Objective: Support vector machine (SVM), a statistical learning method, has recently been evaluated in the prediction of absorption, distribution, metabolism, and excretion properties, as well as toxicity (ADMET) of new drugs. However, two problems still remain in SVM modeling, namely feature selection and parameter setting. The two problems have been shown to have an important impact on the efficiency and accuracy of SVM classification. In particular, the feature subset choice and optimal SVM parameter settings influence each other; this suggested that they should be dealt with simultaneously. In this paper, we propose an integrated scheme to account for both feature subset choice and SVM parameter settings in concert.

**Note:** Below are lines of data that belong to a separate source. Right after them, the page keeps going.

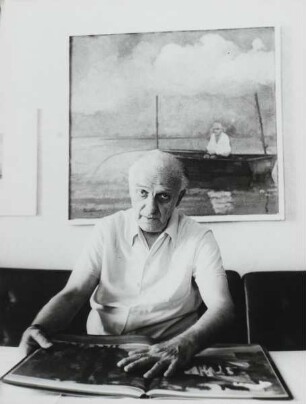 Heinrich Burkhardt : Portrait des Malers und Grafikers Professor Heinrich Burkhardt (1904-1985)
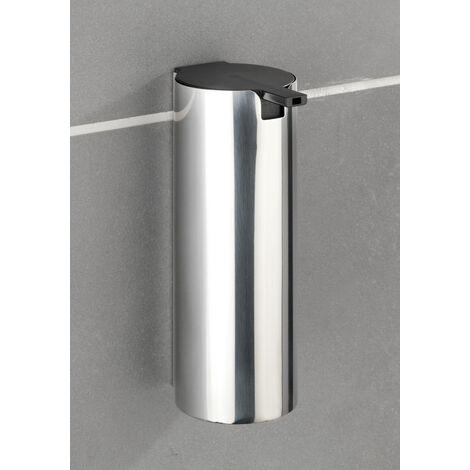 WENKO Turbo-Loc® Edelstahl Seifenspender Detroit, rostfrei, Befestigen ohne bohren, Silber glänzend, Edelstahl rostfrei glänzend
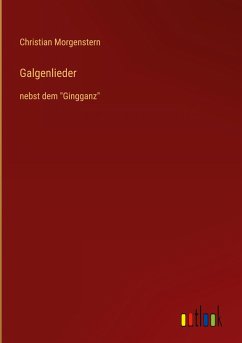 Galgenlieder - Morgenstern, Christian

Method: In the proposed scheme, a genetic algorithm (GA) is used for the feature selection and the conjugate gradient (CG) method for the parameter optimization. Several classification models of ADMET related properties have been built for assessing and testing the integrated GA-CG-SVM scheme. They include: (1) identification of P-glycoprotein substrates and nonsubstrates, (2) prediction of human intestinal absorption, (3) prediction of compounds inducing torsades de pointes, and (4) prediction of blood-brain barrier penetration.
Results: Compared with the results of previous SVM studies, our GA-CG-SVM approach significantly improves the overall prediction accuracy and has fewer input features.
Conclusions: Our results indicate that considering feature selection and parameter optimization simultaneously, in SVM modeling, can help to develop better predictive models for the ADMET properties of drugs.